March passed in a flurry of school and studying. After the trade deadline drama, I’d been unable to stop myself from clinging tighter to Brent. When he was on the road, I missed him like I’d miss a limb. Only the utter end-of-semester madness kept me from going crazy without him.
The neediness scared me in a bone-deep way. It scared me how few reservations I’d had about opening my heart and life fully to him. After Lee had cheated on me, after he’d hurt me so thoroughly and embarrassed me so badly, I didn’t think I’d ever love someone again.
Leave it to Brent Jean to prove me wrong.
On the surface, everything looked perfect. But looks could be deceiving, and the thought that he could’ve been traded and left me—and that I would’ve rearranged my entire life and career aspirations to follow him—had resurrected insecurities within me I’d thought I’d buried deeper than that.
While my parents’ marriage had proven to me time and time again that it was okay—wonderful and necessary, even—to share my life with someone, that it was okay towantthat for myself…the more serious I got with Brent, the more difficult it became for me to hang onto the things that had been so important to me before he’d come into my life. To keep him, I’d conceded on things I’d once stood firm on. And the further they slipped from my grasp, the more I felt like I was spinning out of control, losing myself in the process of giving myself to Brent.

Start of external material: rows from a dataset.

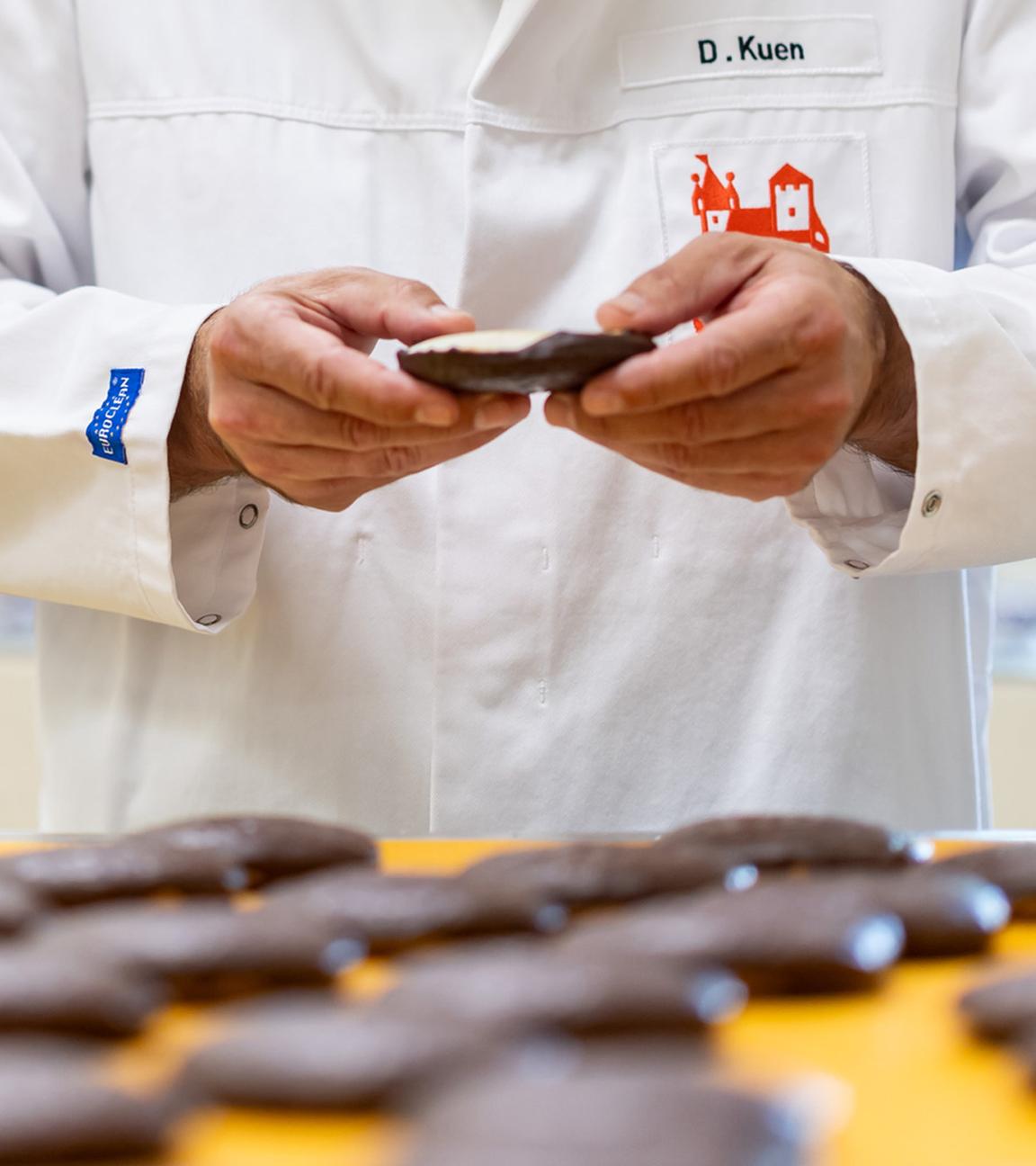  Dirk Kuen, Betriebsleiter bei Lebkuchen Schmidt, prüft stichprobenartig die Qualität frisch gebackener Lebkuchen in der Produktion des Lebkuchenherstellers. Aufgenommen am 29.07.2025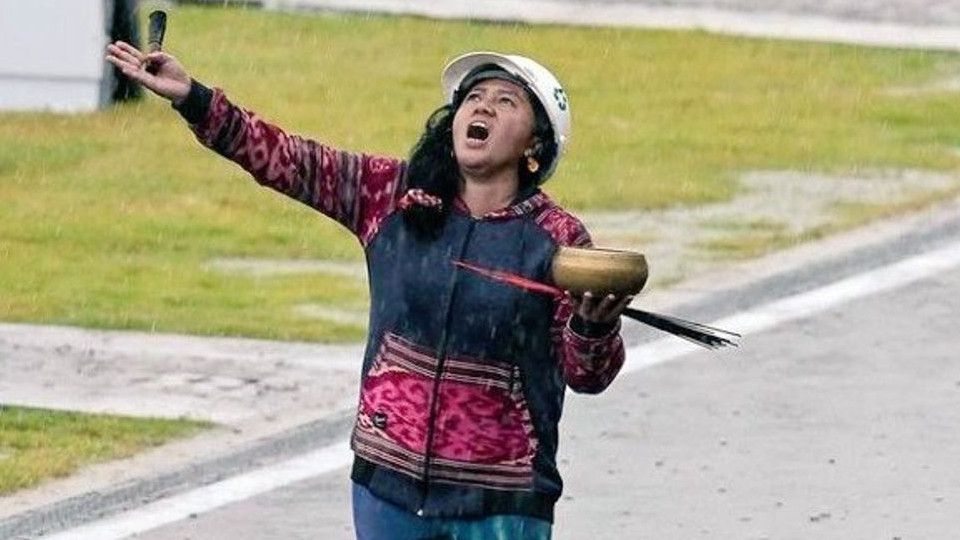 Viral Mbak Rara Si Pawang Hujan Diusir Saat Beraksi di Pantai Parangkusumo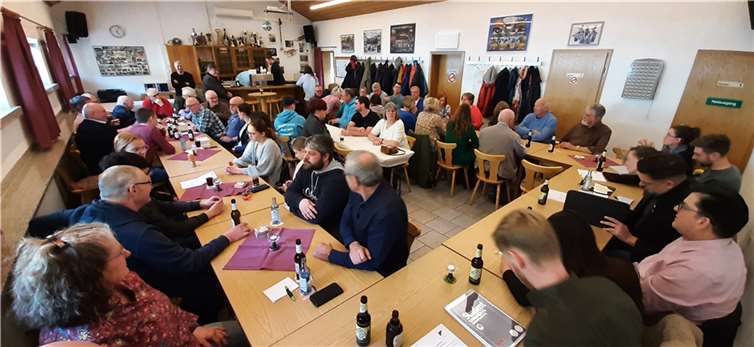 Ehrungen vor 60 Mitgliedern vorgenommen 60 Mitglieder fanden sich zur Jahreshauptversammlung ein.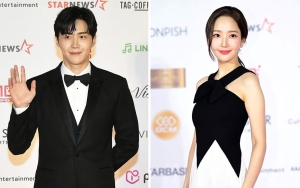 Ekspresi Kim Seon Ho Sungkan Nolak Tawaran Park Min Young Kembali Viral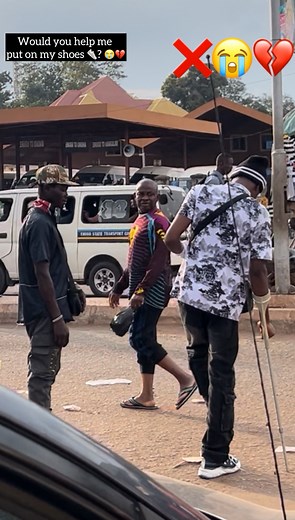 Social Experiment Test That Will Make You Cry 😭💔 (Be Kind To Others) 🥹 #socialexperiment #foryouシ #emotional #HumanityTest #facebookreelsviral #emotions #prankvideo #facebookviral #goviral #fypシ | Godson Prank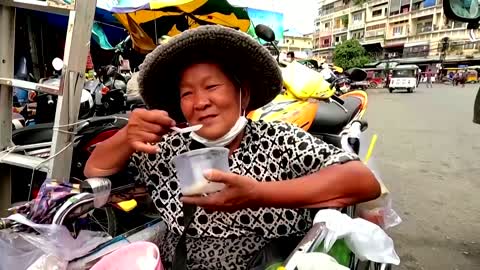 Meals on wheels for residents in virus-hit Cambodia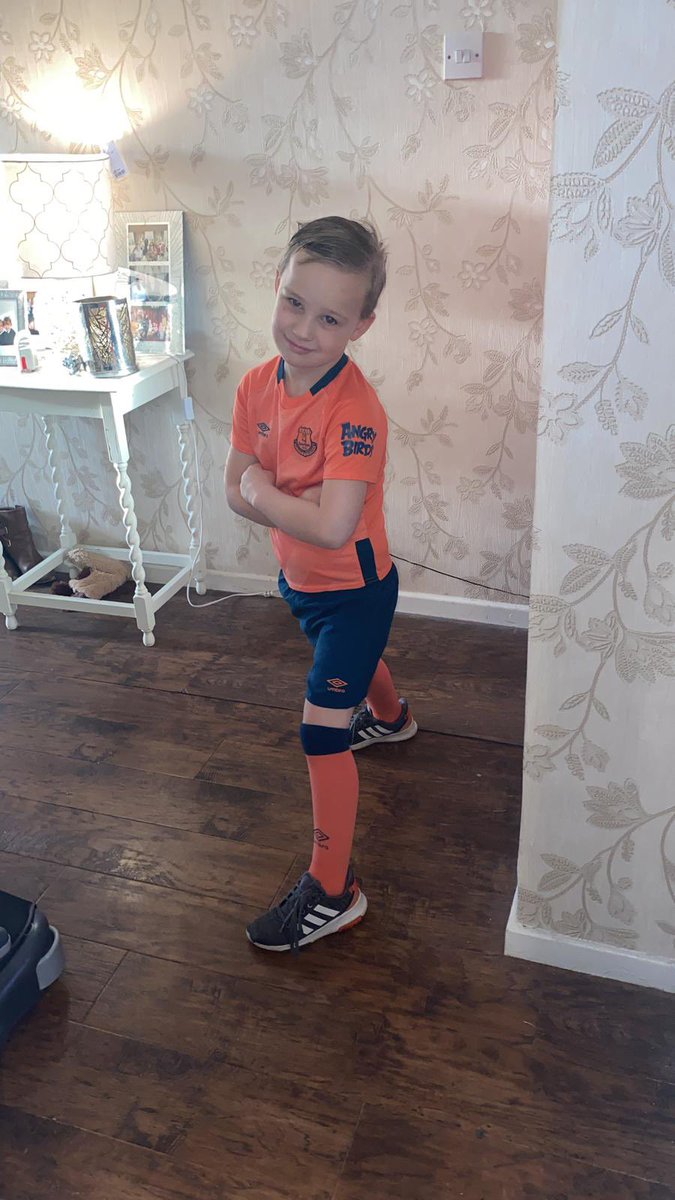 billysneade1's tweet photo. @tickets4toffees @NHSMillion This is Charlie. He’s 7 in a few weeks and has never been to Goodison. I’m a nurse working at Aintree and have worked with COVID patients all through the pandemic. I would love to take him to the game. https://t.co/qw5WRwIF1t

When Brent wasn’t on the road, we spent every spare moment together, alternating between his place and mine, if only so we could come together at night and wake up together in the morning.

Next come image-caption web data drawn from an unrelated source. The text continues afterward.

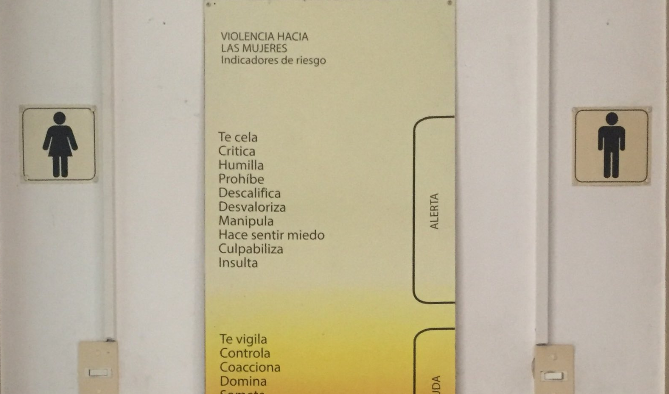 Viral: el baño de una universidad enseña sobre la violencia de género | Redes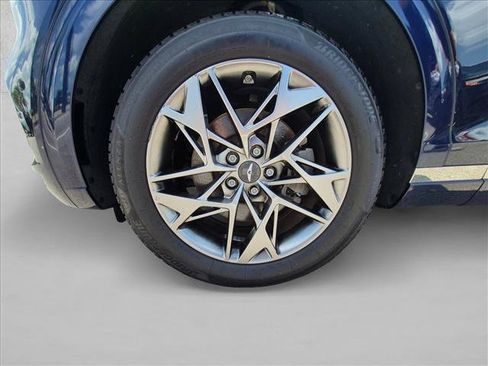 Used 2022 Genesis GV70 2.5T w/ Advanced Package AWD/4WD image 25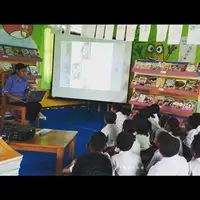 Di tengah wabah virus Corona Covid-19, Taman Bacaan Pelangi dan Chelsea Islan galang dana untuk bantu anak-anak di Indonesia Timur. (Instagram @pelangibook)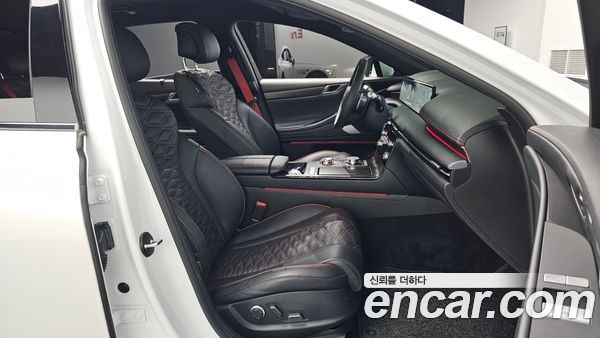 Genesis G80 2025, фото 15
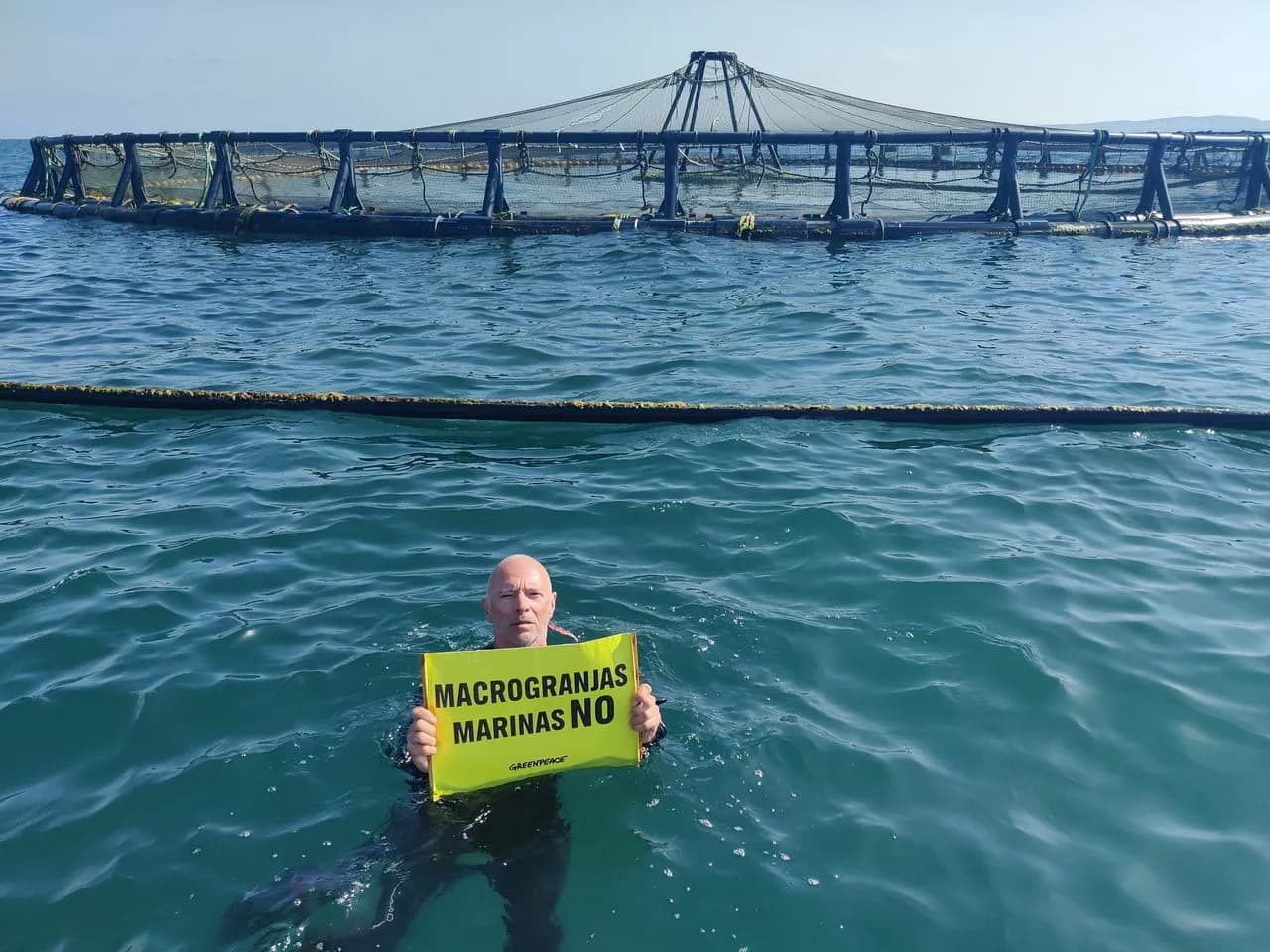 Greenpeace revela imágenes inéditas de macrogranjas marinas españolas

At this point, with his hectic work schedule and my equally crazy school schedule, it felt like we were simply going to the motions. The sex was still mind-blowing, everything I’d secretly hoped for but never dared ask for from previous partners. As a lover, Brent was attentive, inventive, and utterly devoted to pleasing us both fully. I’d never been so sexually satisfied.

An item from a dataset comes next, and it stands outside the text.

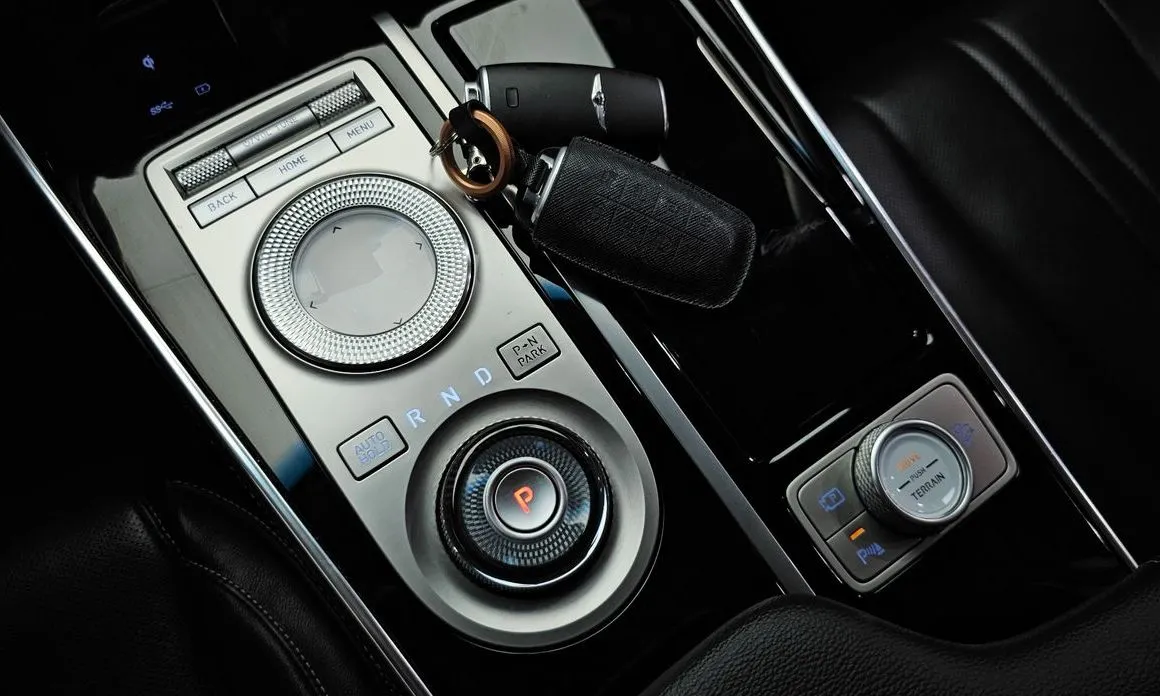 Genesis GV80 — фото 10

And emotionally—God, every time I looked at him, I fell a little more in love. For his part, Brent practically worshiped the ground at my feet—would happily get on his knees and do just that if I asked. This love was more precious to me than anything, more than I’d ever dreamed of for myself.
And in those moments, when his arms were wrapped around me or when he looked at me with his heart in his eyes, I forgot myself. My world narrowed to a pinpoint, where all that mattered was him and us together.
But when he was gone, and I could once again see reason, how quickly I’d become one of those girls I never wanted to be left a sour taste in my mouth.
I was at an impasse. There wasn’t anything wrong, and yet I couldn’t shake the dread that settled over me without warning.
Why did I feel like everything was about to blow up in my face?
“You should move in.”
I stilled.
There it was, the proverbial other shoe.
It was early April, and with the regular season rapidly drawing to a close and the Warriors ramping up for a playoff run, time together had been harder and harder to come by. This was one of the rare mornings when one of us hadn’t had to run off early for class or practice before the other had awoken. Instead, we’d risen with the sun and spent the morning lazily making love. Afterward, we’d curled together, my back against his front, his arms caging me against his chest.
The moment had been perfect until he’d dropped that bomb.
I shifted over until I faced him. “What did you just say?”
“I said you should move in. We spend all of our time together anyway. It doesn’t make sense to keep leasing two places when we could just have one.”
“No,” I said quickly, shoving his arms away and rising to sit. The response was so automatic, so rapid fire off my hip that I almost laughed at Brent’s expression—mouth flattened into a line, eyes wide enough that the sclera dwarfed the irises, that muscle in his jaw ticking.
“And why the hell not?”
I really should’ve been asking myself the same question. Logically, there was no reason not to. But I wasn’t working with my logical brain here. No, Irrational Berkley was in charge, and I was simply along for the ride. Irrational Berkley knew that if we moved in together, I’d be relinquishing the final piece of my independence. If things went south, extricating myself would be impossible. As it stood, untangling all the parts of me and my life that were tied so tightly to Brent would surely kill me anyway. But living together?
That wasn’t a step I was ready to take.
“Berk?”
I knew I needed to answer, to give him some sort of explanation for why I wasn’t even considering this.
“It’s just too soon.”
Woefully inadequate but the best I could offer.
For a beat, Brent didn’t move. Then he disentangled himself from the sheets and stood.
“Where are you going?” I asked, the sheet slipping to my waist, forgotten. Normally, the sight of my bare breasts would have Brent closing the distance between us and sinking into my body faster than I could blink.